EXERCISE REQUIREMENTS –
Your answer should repeat exactly the lines from the one holding "Grace jewels: NewMan" through the end of the data, and it should contain no pictures.

RECORDS –
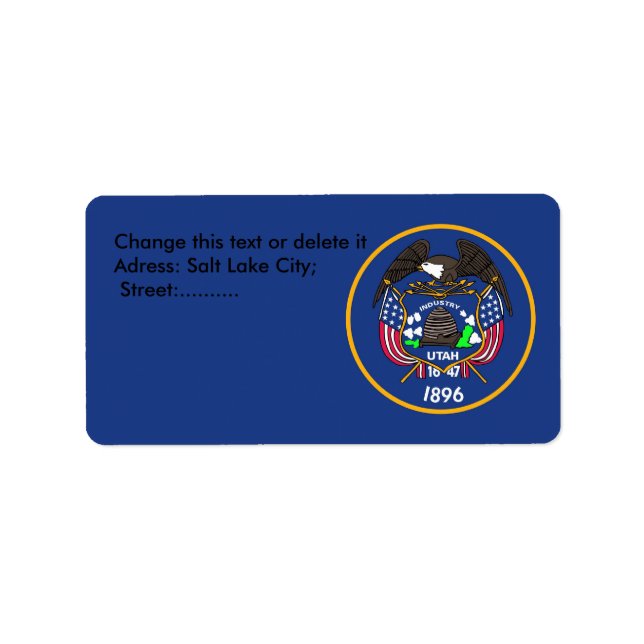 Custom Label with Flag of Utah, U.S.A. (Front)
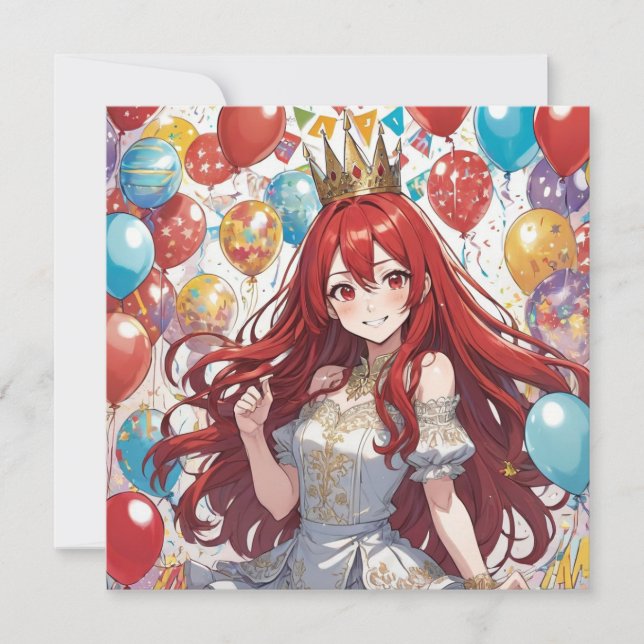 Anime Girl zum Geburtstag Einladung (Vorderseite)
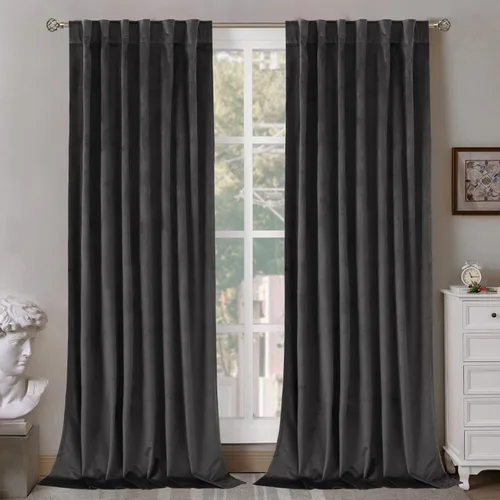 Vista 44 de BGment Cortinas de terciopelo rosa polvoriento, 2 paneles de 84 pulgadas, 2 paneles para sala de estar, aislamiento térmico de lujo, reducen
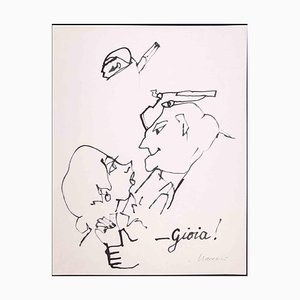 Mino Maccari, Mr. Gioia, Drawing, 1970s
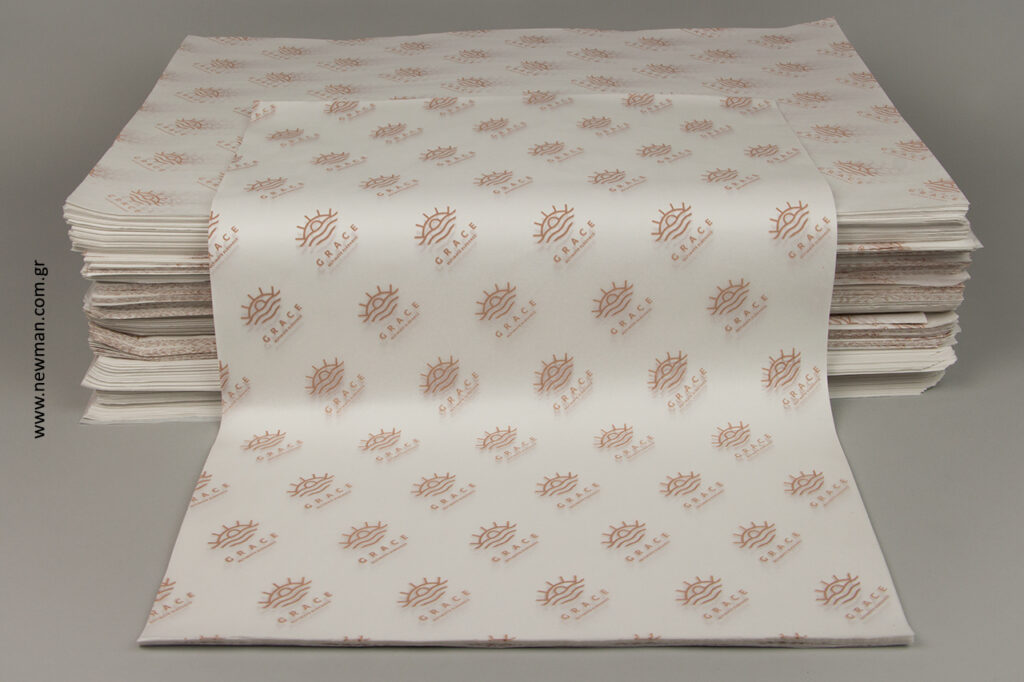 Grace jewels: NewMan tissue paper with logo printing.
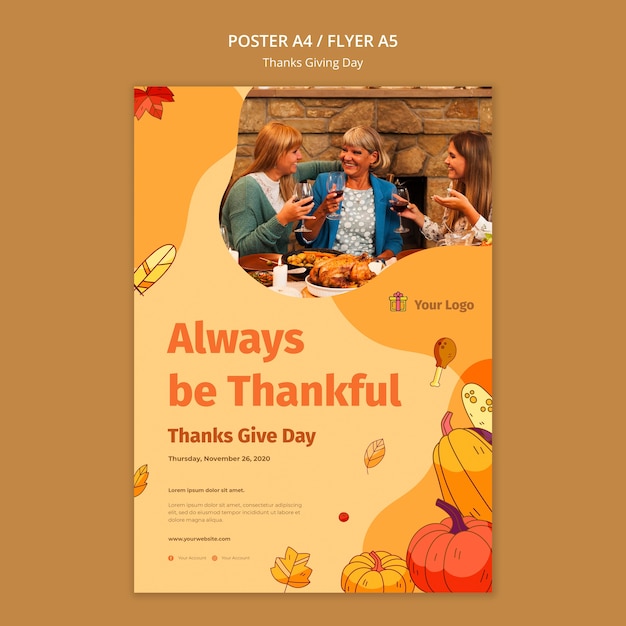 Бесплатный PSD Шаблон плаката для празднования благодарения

REPLY TO THE EXERCISE –
 Grace jewels: NewMan tissue paper with logo printing.
 Бесплатный PSD Шаблон плаката для празднования благодарения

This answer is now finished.